En dépit de leurs « apparences extérieures de famille d’intellectuels très bien nés », les Stephen trempaient un peu dans le monde de la mode, avec George Duckworth. Mais c’est la marquise de Bath, et ses filles qu’il était impensable de trouver vulgaires, même si elles s’habillaient sans grâce, qui lui auraient inoculé le mal. Quand elle déjeunait ou dînait avec la vieille lady Bath, Virginia tremblait d’une extase faite «  de plaisir, de terreur, de rire et de stupéfaction ». 

 

Assise en bout de table « sur un fauteuil estampillé de la couronne et des armes des Thynnes », lady Bath consultait de temps en temps deux montres qu’elle avait posées sur deux coussins, sur une table à côté d’elle – pour une raison inconnue. « Son indifférence à l’égard de ce qu’on pensait d’elle m’intriguait et me ravissait. » Et aussi sa manière d’interroger son majordome à tout propos – « l’aristocrate est plus libre, plus naturelle, plus excentrique que nous. » Or « Lady Bath était simple à l’extrême. » Ses filles « ne savaient l’orthographe. » Et voilà pourquoi Virginia veut des couronnes, « de vieilles couronnes qui portent avec elles des terres et des maisons de campagne, des couronnes qui entretiennent la simplicité, l’excentricité et l’aisance, et tant de confiance en votre propre position que vous pouvez entourer votre assiette de montres Waterbury et donner de vos propres mains des os sanglants à manger aux chiens. »

 

Une fois lancée, Virginia se dit fascinée par les salons illuminés, les gens bien habillés, accumule les flagrants délits de snobisme.

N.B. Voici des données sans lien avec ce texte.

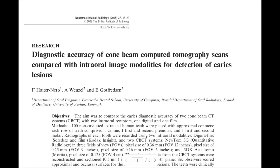As-Salaamu Alaikum. A question was raised about the sensitivity and specificity of CBCT on caries detection. We all know the sensitivity and specificity of CBCT on apical periodontitis from the Battelle Review published in 2023, but in terms of caries, I have never seen or come across a paper that tests the sensitivity and specificity of CBCT on caries detection.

La première invitation de Sybil Colefax, par exemple, une douzaine d’années plus tôt. Elle l’invitait à prendre le thé « pour rencontrer Paul Valéry ». La romancière voyait assez souvent des écrivains pour résister à un tel motif et surtout, elle avait un « complexe à l’égard des robes ». Elle détestait être mal habillée, mais aussi acheter des vêtements. Plus précisément, acheter des jarretières. Et la voilà qui confesse son horreur des essayages au fond de la boutique, où il faut se montrer en jupons, où « des femmes en satin noir brillant vous toisent en pouffant. » L’époque étant aux jupes courtes, « il fallait des bas impeccables » et donc de nouvelles jarretières – trop pénible.

 

Drôlerie de la prétendue « gribouilleuse » plus préoccupée de son apparence « en tant que femme » que de sa réputation littéraire (peu troublée par les critiques sauf celles de ses amis). Magnifique repartie en face d’Arnold Bennett qui l’a « traînée dans la boue » à propos de son dernier livre et qui s’en excuse dans le salon d’Argyll House en la voyant s’approcher, bégayant même : « Vous ne pouvez haïr mes livres comme je hais les vôtres, Mr. Bennett. » Lady Colefax apprécie tant la petite scène que voilà Virginia « promue instantanément du thé à la viande ». Les dîners qui s’ensuivront, la conversation de Sir Arthur, sa dernière visite à Argyll House après la mort de ce dernier, au milieu de meubles étiquetés pour la vente aux enchères… Virginia raconte à merveille.

 

« La valeur du rire » (le propre de l’homme, a-t-on jamais vu rire un chien ?) précède « La nièce d’un comte », ébouriffant aperçu des distinctions sociales chères aux Anglais. « Brummel le Beau » peint avec ironie et sensibilité le dandy à côté de qui « tout le monde semblait trop habillé, ou mal habillé – certains même positivement sales ». « La robe neuve » ou la détresse de Mabel : en saluant Clarissa Dalloway, elle prend conscience que quelque chose ne va pas. « La robe de soie jaune pâle, bêtement démodée, avec sa longue jupe et ses hautes manches et sa taille et toutes ces choses qui semblaient si charmantes dans le livre de mode, mais pas sur elle » lui donne à tel point la sensation d’être une mouche qui rampe pour atteindre le bord de la tasse qu’elle finit par quitter la réception.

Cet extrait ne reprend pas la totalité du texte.